29 May 2017

Riding Into Crowds And The Wild Blue Yonder

One thing about air shows:  You don't have to be at the venue in which they're held in order to see them.  You can see them for miles around.



I should have remembered that when I decided to head for Point Lookout yesterday.  When I got there, I wondered why it was so crowded (well, at least in comparison to the way it usually is).  Jones Beach, where the the Bethpage Air Show was held, is only the length of a football (soccer, I mean) field from the rocks at Point Lookout where I usually lunch and/or meditate in the middle of my ride.  So, of course, the spectators at Point Lookout had as good a vantage point as the folks at Jones Beach or Bethpage.



In a way, that turned out just as well.  I took Tosca--my Mercian fixed gear--along a sandy path to a more remote area of the beach.  The tide was out, so there was a lot of beach.  (In places like Jones Inlet, what's good for bathers or beach loungers is not good for boaters:  The fact that the tide was out also meant that sandbars were exposed.) She didn't mind that I pushed her along the sand:  I pedaled into the wind most of the way out there, so I was pushing pretty hard on the pedals.  



Of course, that meant I had the wind at my back for most of my way back. Interestingly, even though there was a crowd at Point Lookout, I didn't see much traffic anywhere along my ride--not even along the strips of bars and restaurants in Long Beach and Rockaway Beach.

They were still watching the air show, I think, when I got home.

28 May 2017

Bicycle Killer

In a room, there are 53 bicycles.  (Hmm, it must not be in a NYC apartment!) There is also a table in the middle of the room.  A dead man with a bullet hole in his head is slouched in a chair, face down on the table.

What happened?



If you would like a hint, click here

(Another hint:  What is a bicycle?  Or, more precisely, what is called a bicycle?)

If you can't solve this crime, click here.


(This "crime" comes to us courtesy of Jay Bennett in Popular Mechanics.

27 May 2017

Striders: The Future Peloton?

When I first became a dedicated cyclist, during my teen years, I started to follow bicycle racing.  In those days, before the Internet and 24-hour news cycles, it was much more difficult to do.  There was little or no coverage in any of the mainstream media.  Bicycling! ran stories about the Tour, the Giro and some of the classics, but that came out only once a month.  You pretty much had to go to a large city to find a place like Hotaling's, where I used to find French, British and other European publications.
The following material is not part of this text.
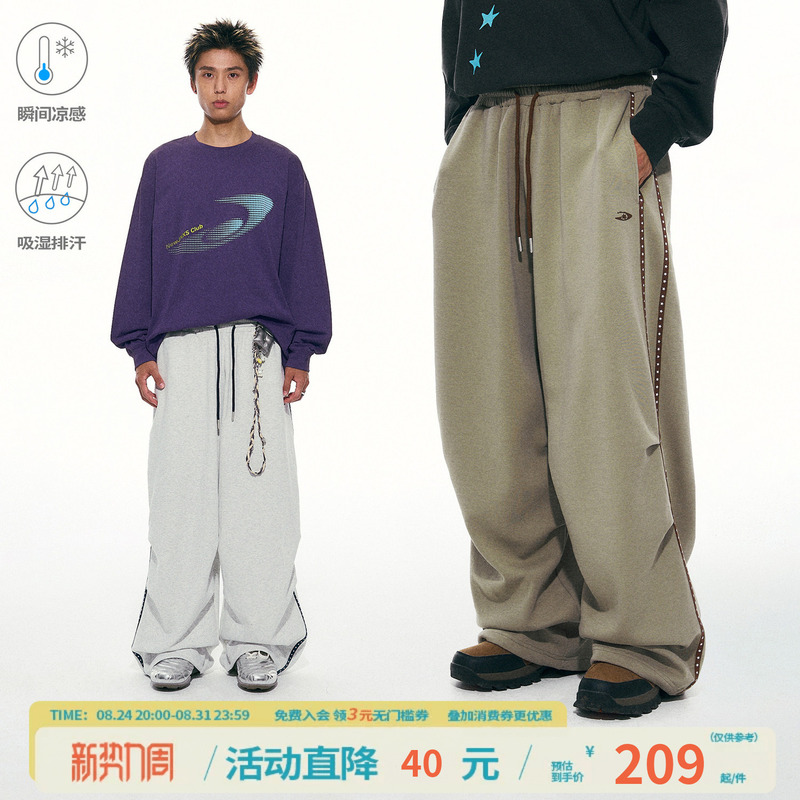Mr. Jiangnan Newjnxs Moisture-Wicking Star Webbing Loose Sweatpants with Drawstring, Two-Way Wear Sports Casual Long Pants Mr. Jiangnan Newjnxs Moisture-Wicking Star Webbing Loose Sweatpants with Drawstring, Two-Way Wear Sports Casual Long Pants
During my rides, I would sometimes imagine myself in the peloton with Eddy Mercx or Bernard Hinault.  I wondered, then, if I would have been like them--or one of their competitors--had I grown up in Brittany or Flanders or Tuscany and pedaled in the midget and youth races in the days when I was playing Babe Ruth League baseball (and high-school soccer) in New Jersey.


What I would have done to ride in a Strider race!




This one was just held in Fort Worth, Texas.  It's part of a series of Strider races that will culminate in a Strider World Championship on 21-22 July, in Salt Lake City.


I mean, really, how can you not love it?


Strider, the sponsor of these races, is the leading brand of so-called "balance bikes", which have no pedals--or training wheels.  Proponents of this type of bike claim that the most important skill in cycling is balance, and a kid learns it more quickly than on a bike with training wheels.  Moreover, their advocates argue, because balance bikes don't have pedals, chains or sprockets, they are free of the sharp surfaces that can hurt a kid or simply snag his or her pants.


If I had a kid, I don't know whether I'd choose a balance bike or training wheels.  Well, maybe after watching Strider races, I might be swayed!